Opinion: Today’s LAPD ‘eyes in the sky’ are helicopters; will tomorrow’s be drones?
In the 2002 movie “Minority Report,” the police know ahead of time who will commit a crime, so they arrest criminals before they act. Aside from prompting interesting philosophical debates over free will and predestination, it’s a natural question for law enforcement: Rather than apprehending suspects after they do something wrong, can we stop the crime from happening in the first place?
Maybe so.
“Now the LAPD is pioneering the use of helicopters to stop crimes before they start,” report Kate Mather and Richard Winton of The Times. “Tapping into the data-driven policing trend, the department uses heat maps, technology and years of statistics to identify crime ‘hot spots.’ Pilots then use their downtime to fly over them, on the theory that would-be criminals tend to rethink their nefarious plans when there’s an airship hovering overhead.”
“‘It’s extremely cutting edge,’ says Capt.

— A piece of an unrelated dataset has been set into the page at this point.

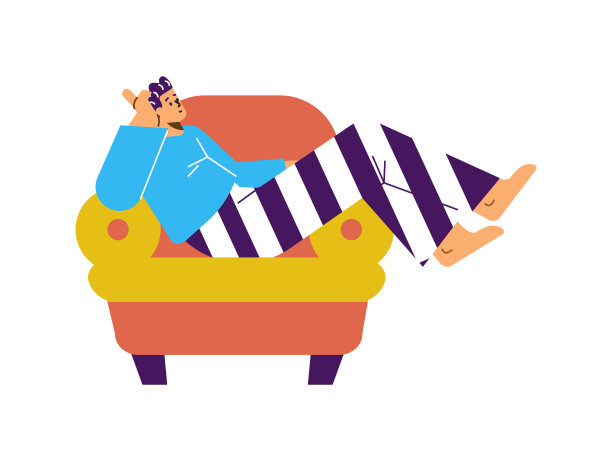 梦幻而沉思的人坐在椅子上思考，平面矢量插图孤立在白色背景上。梦见人物在扶手椅上放松。思想和梦想的概念。图片下载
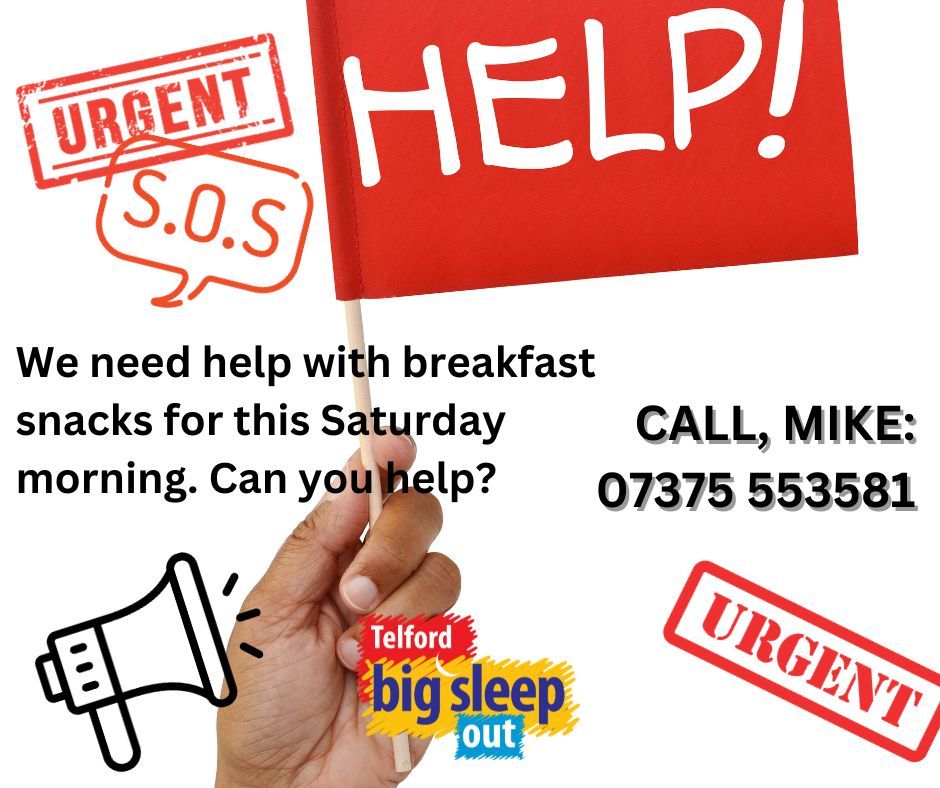 Maninplace's tweet photo. We need your urgent help! Due to unforeseen circumstances, we have no breakfast items to share with our wonderful Telford Big Sleep Out participants on Saturday morning. Can you help us with the supply of breakfast rolls at around 6:30am, in Telford Centre? call today. Thank you. https://t.co/LK8HWTIcLg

Gary Walters, who heads the LAPD’s air support unit. ‘It’s different. It’s nothing that we’ve ever done before with this specificity.’”
As Peter Weller’s partner in the classic 1980s movie “Robocop” says, pretty neat. But also pretty dystopian.
“What some see as an innovative tool for keeping the peace, however, others call a deafening intrusion,” note Mather and Winton. Anyone who spends a significant amount of time in Los Angeles can attest to that. You might accept the presence of “ghetto birds” in urban skies, but you never really get used to it. As someone who has spent time in Los Angeles and in Afghanistan, I can verify that the sense of a war-zone occupation feels about the same in both places.
“[Americans] are sending a message that they don’t want our police militarized, they don’t want that occupying army feel. And the use of helicopters fits in that frame,” says Andrew Guthrie Ferguson, an associate professor of law at the University of the District of Columbia.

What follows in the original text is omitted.